Naming conventions

diepvries relies on naming conventions for tables and fields. This brings many advantages, such as a simple system to easily organize and filter hundreds of tables, and the ease of string manipulations to generate queries.

Tables

Hubs

Hubs are prefixed with h_ and are named after the entity they represent: h_<entity>. Conventionally, entity names are singular.

Role-playing hubs are implemented as views on top of the physical hub, and are suffixed with what they represent.

Satellites

Hub satellites are prefixed with hs_ and are named after the hub they link to, with an optional suffix: hs_<entity>[_suffix].

Using suffix is a recommended practice, for traceability purposes, as well as for distinguishing multiple satellites linked to the same hub.

Link satellites are prefixed with ls_ and are named after the link they link to, with an optional suffix: ls_<entity_1>_<entity_2>...<entity_n>[_suffix].

The same suffix recommendations apply for hub and link satellites.

Finally, effectivity satellites are suffixed with _eff.

Fields

Fields also follow naming conventions. Moreover, they are always ordered in the same way: hashkeys, business keys, child keys, metadata fields, descriptive fields.

Hashkeys

The hashkey of an entity is named after the table, and suffixed with _hashkey: <table_name>_hashkey.

Links and satellites reference hashkeys from different parent entities (as foreign keys), sharing the same hashkey name.

Business keys

The business key of an entity is named after the entity, and suffixed with _id: <entity>_id.

In the case of multiple business keys for a single entity, additional words should be used: <entity>_<business_key_name>_id.

Child keys

The child keys of an entity are named after their field names, and prefixed with ck_: ck_<field_name>.

Child keys are optional.

Metadata fields

Multiple metadata fields are in use for various Data Vault entities.
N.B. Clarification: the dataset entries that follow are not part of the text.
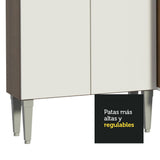 Cocina Integral de Esquina Emilly Sun 3.50 m
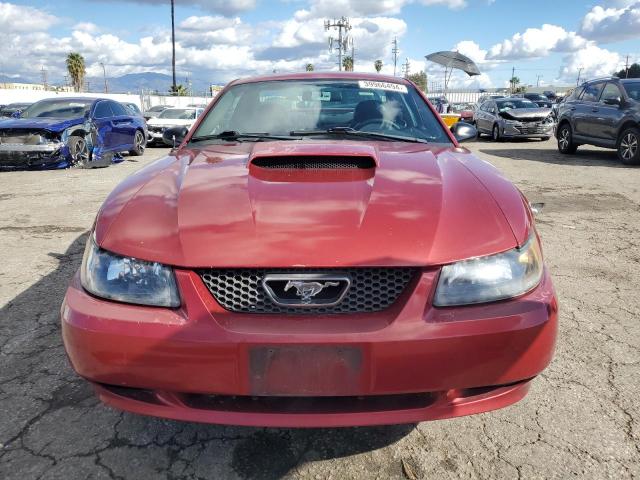 1FAFP42X34F209040 - 2004 FORD MUSTANG GT BURGUNDY photo 5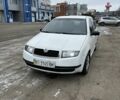 Белый Шкода Фабия, объемом двигателя 1.2 л и пробегом 167 тыс. км за 2500 $, фото 1 на Automoto.ua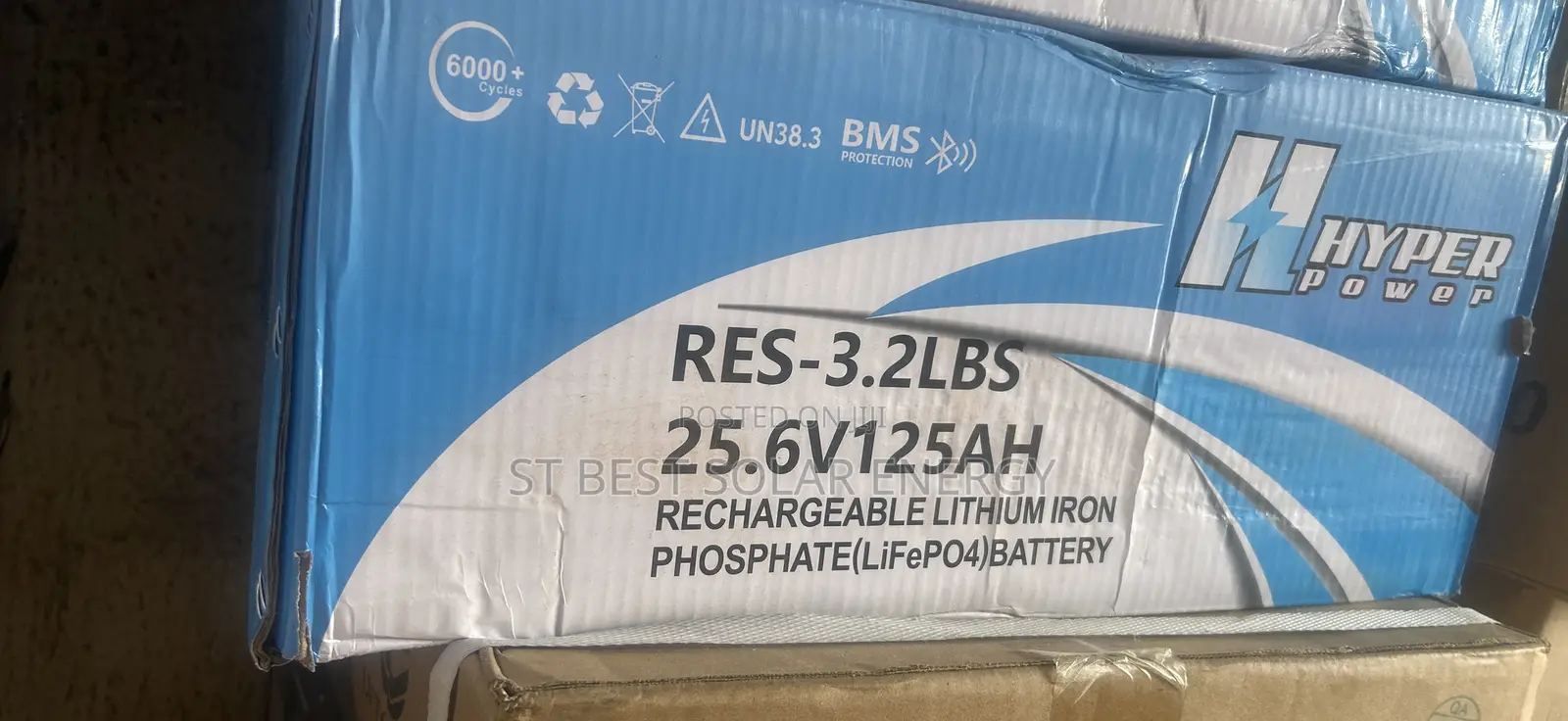 3.2kwh/24v Battery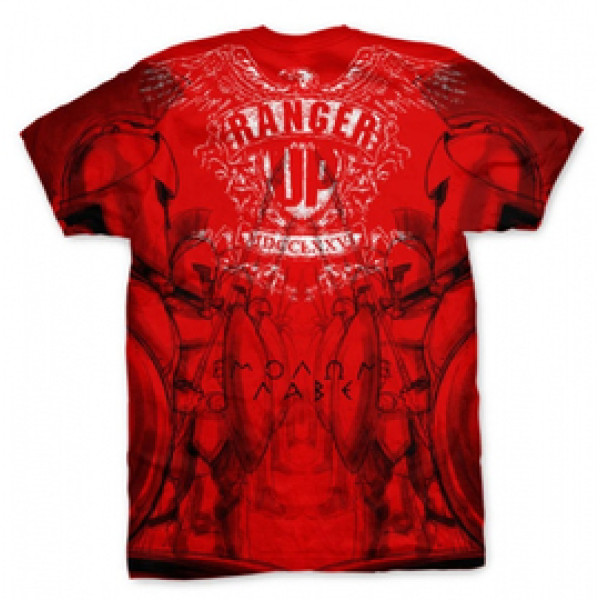 Футболка Ranger Up Red Spartan Phalanx T-Shirt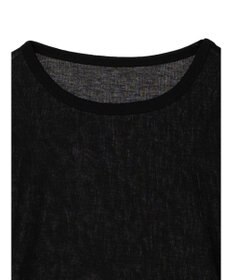 earth music&ecology チュールビジュープルオーバー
They are all prefixed with r_, except for s_hashdiff, which is a bit special.

  • r_timestamp: Used in every entity, it represents the record creation timestamp.

  • r_timestamp_end: Used in satellites, it represents the record end of validity timestamp.

  • r_source: Used in every entity, it stores the source of the record, i.e. from where it was captured.

  • s_hashdiff: Used in satellites, it stores the hashdiff of the record.

Descriptive fields

Descriptive fields are all the other fields. Their names should be the same as the source field names, except if a name conflicts with an SQL reserved keyword, or one of the fields described above.